27 Ekim 2015 Salı

hikayenin bir yerinde okuyana "hadi canım" dedirten, ibretlik kısa hikaye

durakta taksim otobüsünü bekliyorum. eminönü'ler bir bir geliyor ama bir türlü taksim otobüsü gelmiyor. can sıkıntısı beni, elimdeki akbili devinim halinde kabına sokup çıkarmak ve bu sırada etrafımdakileri kesmeye teşvik ediyor. (hep can sıkıntısından yani, yoksa hep ben kendi işinde gücünde bi insanım, evet!)

duraktakilerin kimlik tespini aşağı yukarı yaptıktan sonra etrafa sarmışken durağa deri ceketli bi oğlan geliyor. elinde kitap var. ahan da yeni eğlence! kitabın sadece sırtından kitabı tahmin etmeye çalışıyorum. say yayınlarının düşünürler serisi zannımca; yarısı kırmızı sırt ve logodan çıkarıyorum. e çok kalın da değil, schopenhauer mi acaba. "gerçi o seride başka kim var biliyor musun seni cahil!" diye kendimi paylarken  çocuk cebinden kalem çıkarıyor ve durağa yazı yazmaya koyuluyor. oha diyorum şiir sokakta'ya çattık iyi mi! bakalım acep ne yumurtlayacak!
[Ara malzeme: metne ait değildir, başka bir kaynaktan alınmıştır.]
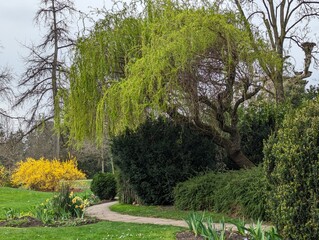 trees in the park, spring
durak ahalisi olaraktan heyecanla yazdıklarını okumaya çalışıyoruz. yazısı da kargacık burgacık, okunmuyor. "tom was there" diye okuyorum önce ilk kelimeleri. anam diyorum yabancıymış da! demek ki kitabı yanlış tahmin ettim. yanlış tahminime üzülürken çocuk alt satıra geçiyor. allah allah schopenhauer mi yazdı o?! olaya verdiğim ehemmiyet artıyor. gözlerimi iyicene kısıp üst satırı tekrar okuyorum. o yazıyor ben okuyorum derken tamamladığında  pörtlemiş gözlerimle ibretlik bir ana tanıklık etmenin hazzını yaşıyorum. efenim gencimizin altına imzasını attığı dörtlük şöyle diyor: 

"tom waits dinlemeyen,
 schopenhauer okumayan,
 tekila shot yapmayan
 birine gönül vermeyin". 

sonra bu yazıların ışığında çocuğa daha dikkatli bakıyorum: kulağında kulaklık var. tahmin edelim acaba ne dinliyor? deri ceketi, siyah dar kotu ve siyah botları ve onlara eşlik eden siyah uzun sakalı... elindeki kitabın kapağı görülüyor artık ve malumunuz. schopenhauer'in beyaz elektrik çarpmış saçları, lordlar kamarasından resmedilmiş yüzü artık net görülüyor. çocuksa yazdığı yazıdan sonra durakta ne kadar ilgi çekti bunu anlamaya çalışıyor. allahım diyorum ne düz insanlar, fotoğrafını çekseydim keşke çocuk yazarken, elindeki kitabı zumlayaraktan. nasıl da cazibe nesnesi olarak görüyor kendini, elindeki kitap, kulağındaki müzik, giyimi kuşamı ile seçkinler sınıfından halka sesleniyor ve diyor ki : "sevin beni ey halkım!" ; öylesine kültürlü, sofistike, melankolik ve çılgın biriyim ki... sanki bir reklam çekiminin içindeyiz.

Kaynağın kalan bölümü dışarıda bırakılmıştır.